Photo: Agostino Osio. Courtesy Fondazione Prada

Ca’ Corner della Regina, built between 1724 and 1728 by Domenico Rossi for the Corner family of San Cassiano, is a Venetian palazzo overlooking the Grand Canal and located in the Sestiere of Santa Croce. It was erected on the ruins of the Gothic building in which Caterina Corner, the future queen of Cyprus, was born in 1454. The architecture echoes the style of the nearby Ca’ Pesaro designed by Baldassare Longhena. The frescoes on the first noble floor represent a series of episodes from Caterina Cornaro’s life.

In 1800, the palazzo became property of Pope Pius VII, who assigned it to the Congregation of the Padri Cavanis. Until 1969, it hosted the Monte di Pietà, whereas between 1975 and 2010 it became the home of the ASAC – the Historical Archive of Contemporary Art of the Venice Biennale. Since 2011, it has been the Venetian headquarters of Fondazione Prada, which has launched 10 temporary projects in this venue until today, concurrently with a preservation and repair program of the palazzo.

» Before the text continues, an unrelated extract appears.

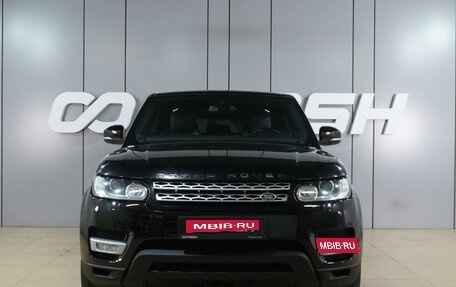 Land Rover Range Rover Sport II, 2013 год, 3 675 000 рублей, 3 фотография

Ca’ Corner della Regina is built on three main levels: the ground floor and two piani nobili. An attic and two mezzanines, located between the ground floor and the first floor, complete its structure. The façade on the Grand Canal is made of Istrian stone, rusticated over the ground floor and mezzanine. The interiors feature two spectacular symmetrical staircases, aligned with the water entrance, which connect the ground floor hall with the second mezzanine. The two piani nobili host some imposing porteghi, decorated with stuccos and frescoes.

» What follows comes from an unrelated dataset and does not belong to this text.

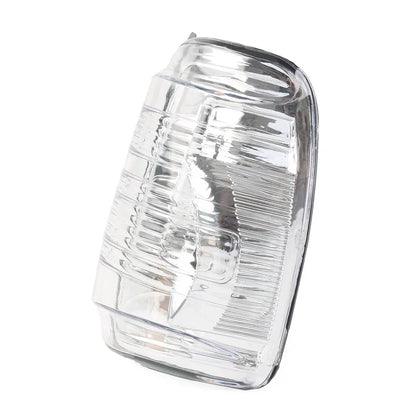 Right Door Wing Mirror Indicator Lens Light Housing for Ford Transit (2014-2021)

The preservation and repair program of Ca’ Corner della Regina, which has been drawn up in line with the directives of the Soprintendenza per i Beni Architettonici e Paesaggistici di Venezia e della Laguna, is being developed in several phases.
The first stages had the primary aim of securing and preserving the surfaces of artistic and architectural value, the study of all the inappropriate equipment plants, the maintenance of the wooden doors, windows and shutters, the removal of non-original partition walls and the reclamation of spaces that have been used as offices and service rooms. As for the preservation of the decorative apparatus, the ornamental frescoes, stuccos and stonework in the portego and eight rooms on the building’s principal piano nobile have been secured. Afterwards, work was carried out to consolidate and secure the surfaces of the mezzanine, the restoration of which brought to light a fresco in the central hall, previously hidden, in 2019. On the second floor, a restoration project focused on the walls and the stucco and marmorino veneziano decorations of the side rooms. The restoration of the surfaces of the portego on the second floor will follow.